Cosa vuol dire comunicare speranza?
«La mia cara speranza per me è guardare al passato, non buttando via alcune acquisizioni che l’uomo ha realizzato come la libertà di parola, di stampa, di pensiero, immaginando un futuro che continua ad essere così, perché ho paura che il futuro non sarà così. Temo che avremo un futuro di nuovo con parole d’odio e con una forte limitazione alla libertà di stampa. Le tante, troppe morti dei giornalisti di quest’anno ci dicono che purtroppo il futuro non sarà molto positivo».

La Diocesi di Bolzano e Bressanone ha presentato pochi giorni fa l’indagine indipendente sugli abusi sessuali nella chiesa altoatesina. Anche a Trento era stato aperto tempo fa uno sportello per la denuncia di eventuali violenze.

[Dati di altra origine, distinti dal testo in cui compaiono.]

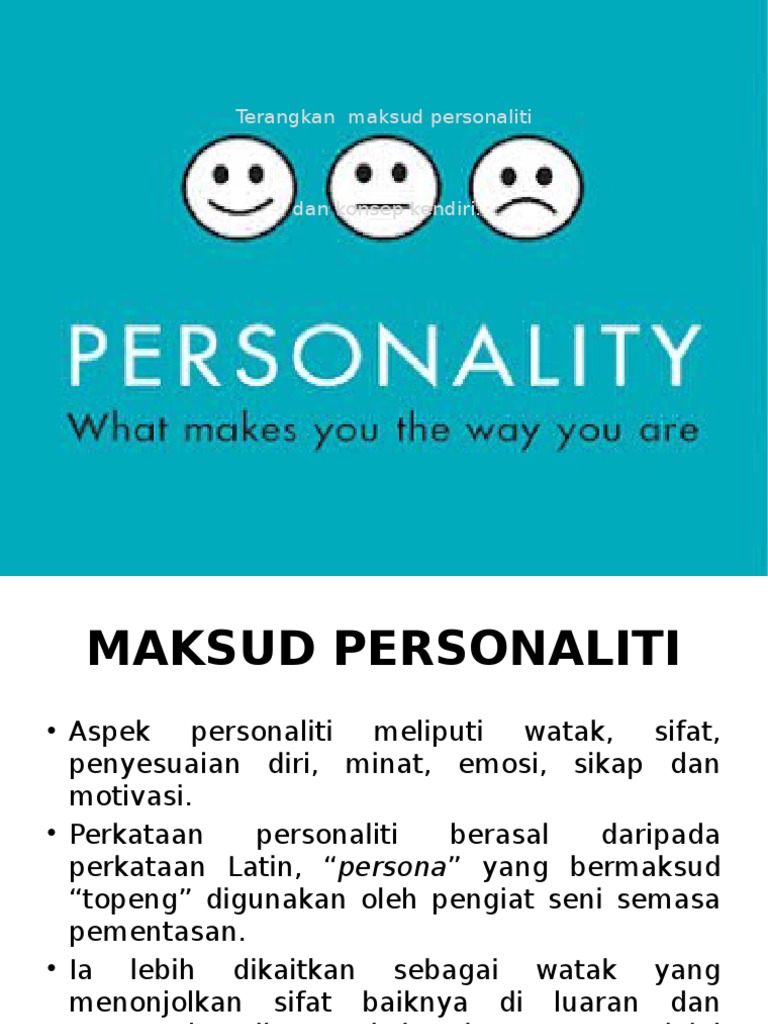 Terangkan Maksud Personaliti Dan Konsep Kendiri Pdf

Un commento?
«L’indagine di Bolzano ha dimostrato ancora una volta quanto sia drammatica la realtà dell’abuso e quanto la Chiesa abbia preso coscienza di tutto questo con molto ritardo. Nella nostra Chiesa abbiamo avviato alcuni passi e dobbiamo fare ancora tanti altri. È imprescindibile camminare in questa direzione. Pensiamo di lavorare sulle conclusioni dell’indagine di Bolzano perché sono molto forti, molto provocanti e vogliamo declinarle nella nostra realtà. Abbiamo inaugurato l’apertura del centro d’ascolto, realizzato vari convegni. Tra a pochi giorni avremo un nuovo convegno sugli abusi e dove pubblicheremo anche le linee guida per la tutela delle persone minori e vulnerabili. Credo che anche il convegno dell’anno scorso sull’abuso di coscienza sia stato molto importante, per cui in questa linea continueremo a lavorare».

C’è bisogno che un lavoro come quello che ha fatto il vescovo Muser a Bolzano venga fatto anche a Trento?
«La diocesi di Bolzano diventa per noi una provocazione (in senso positivo) a continuare quello che stiamo facendo, ma questo l’abbiamo già dichiarato ripetutamente. Ora dobbiamo lavorare perché i nostri ambienti diventino sicuri».